The Rossini Opera Festival in Pesaro, Rossini's birthplace, is internationally renowned for its innovative stagings and musically impeccable productions of Rossini's works. In this staging of the dramma per musica "Zelmira", the Festival once again lays claim to this reputation. "A score of supreme elegance and bold orchestration" (Corriere della Sera), "Zelmira" was written in 1822 for Naples, and enjoyed great popularity in Europe before falling into a long, unjustified, and only occasionally interrupted, slumber.
The stellar cast is toplined by Juan Diego Flórez, "today's greatest bel canto star" (La Repubblica), whose opening aria, with its five high D's and long-held high C, was hailed by Opernwelt as "phenomenal". Flórez can also be seen on UNITEL's productions of Donizetti's "La fille du régiment" and Rossini's "La Cenerentola". Kate Aldrich, with her "exquisitely Rossinian mezzo" (Il Giornale di Vicenza), was acclaimed as "the discovery of the year" (L'Unità). Holding his own next to Flórez is tenor Gregory Kunde. Rounding off the lead roles are Alex Esposito and Marianna Pizzolato. Conductor Roberto Abbado delivers a "permanent and splendid musical fireworks" (La Libre Belgique) that grabs the listener's attention with its succession of virtuoso ensembles.

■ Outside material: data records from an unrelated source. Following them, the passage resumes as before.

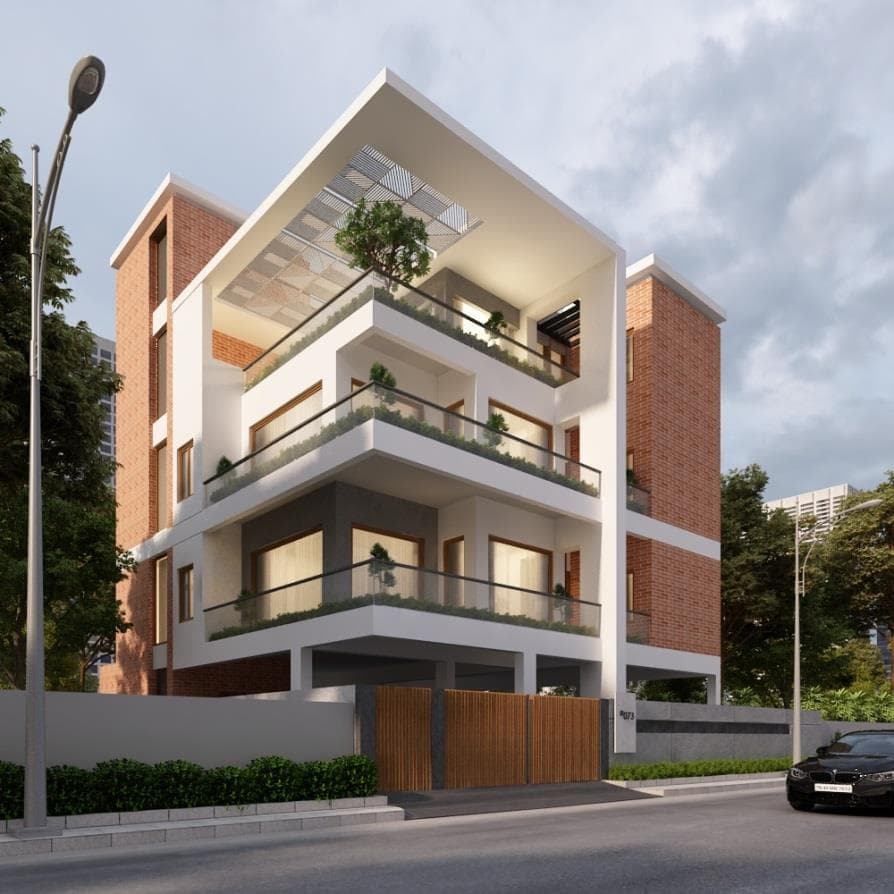 Raman Prestige Super Automated Villa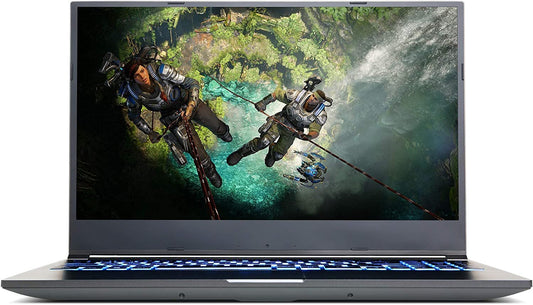 Tracer IV Slim 15.6" Gaming Notebook, Intel Core I5 - 10300H 2.5Ghz, Geforce RTX 2060 6GB, 8GB DDR4, 240GB SSD, Wifi, Bluetooth & Win 10 Home (GTS99801) - Techlyn
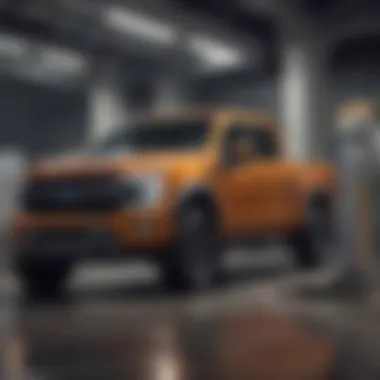 Exploring Ford F-150 Lightning Charging Stations: Infrastructure and Impact Summary Exploring Ford F-150 Lightning Charging Stations: Infrastructure and Impact Summary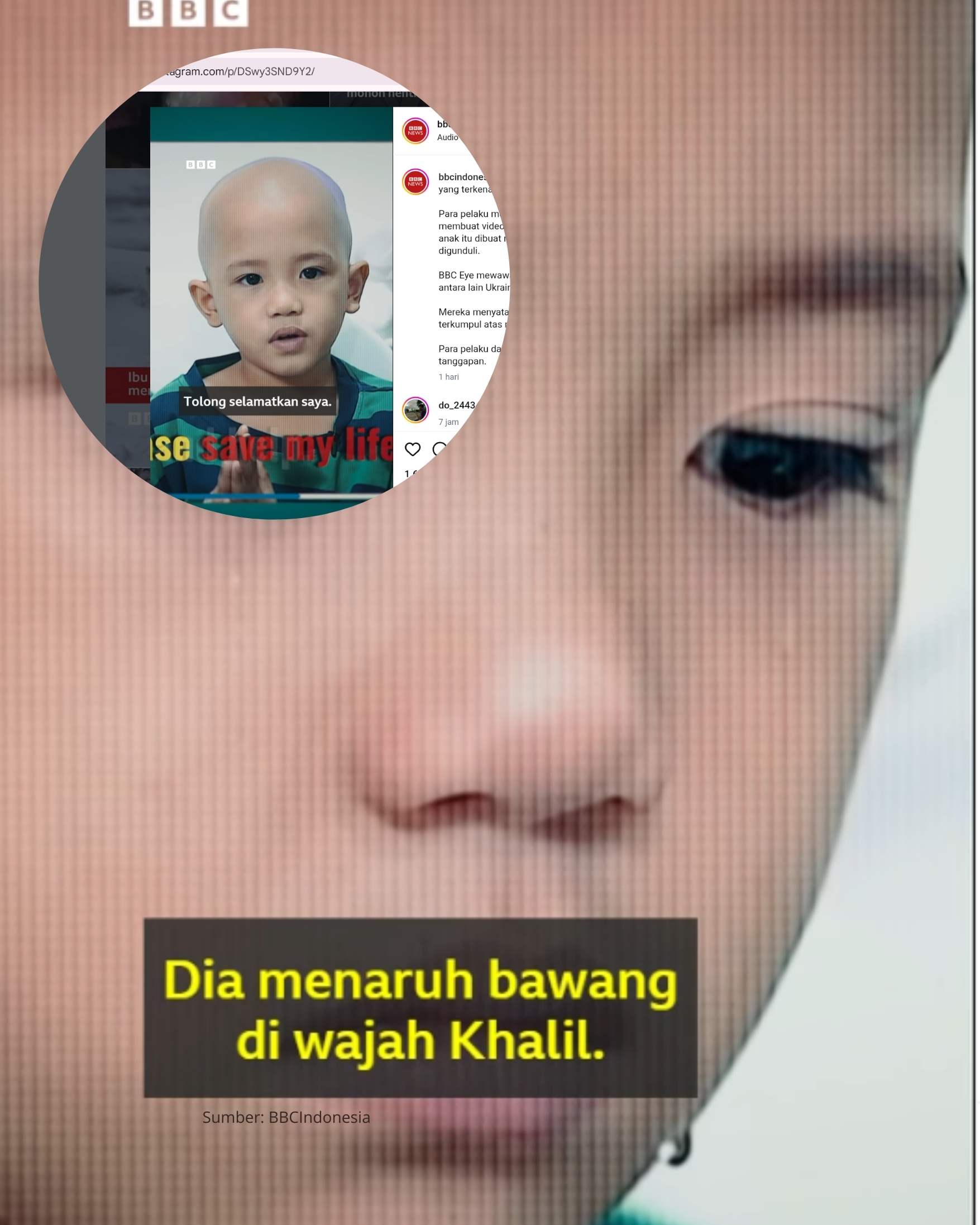 Kasus: Penipuan Dan Mengeksploitasi Anak-anak Penderita Kanker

The story, about a princess unjustly accused of having killed her father, is given a semi-contemporary interpretation by stage director Giorgio Barberio Corsetti, who builds his production around a gigantic mirror that shows us the dark and often invisible underside of power and its abuse, the topic of the work. Corsetti "delivers a production of great visual fascination and dramaturgical intelligence" (Corriere della Sera). This rediscovery should help "Zelmira" return to theaters everywhere.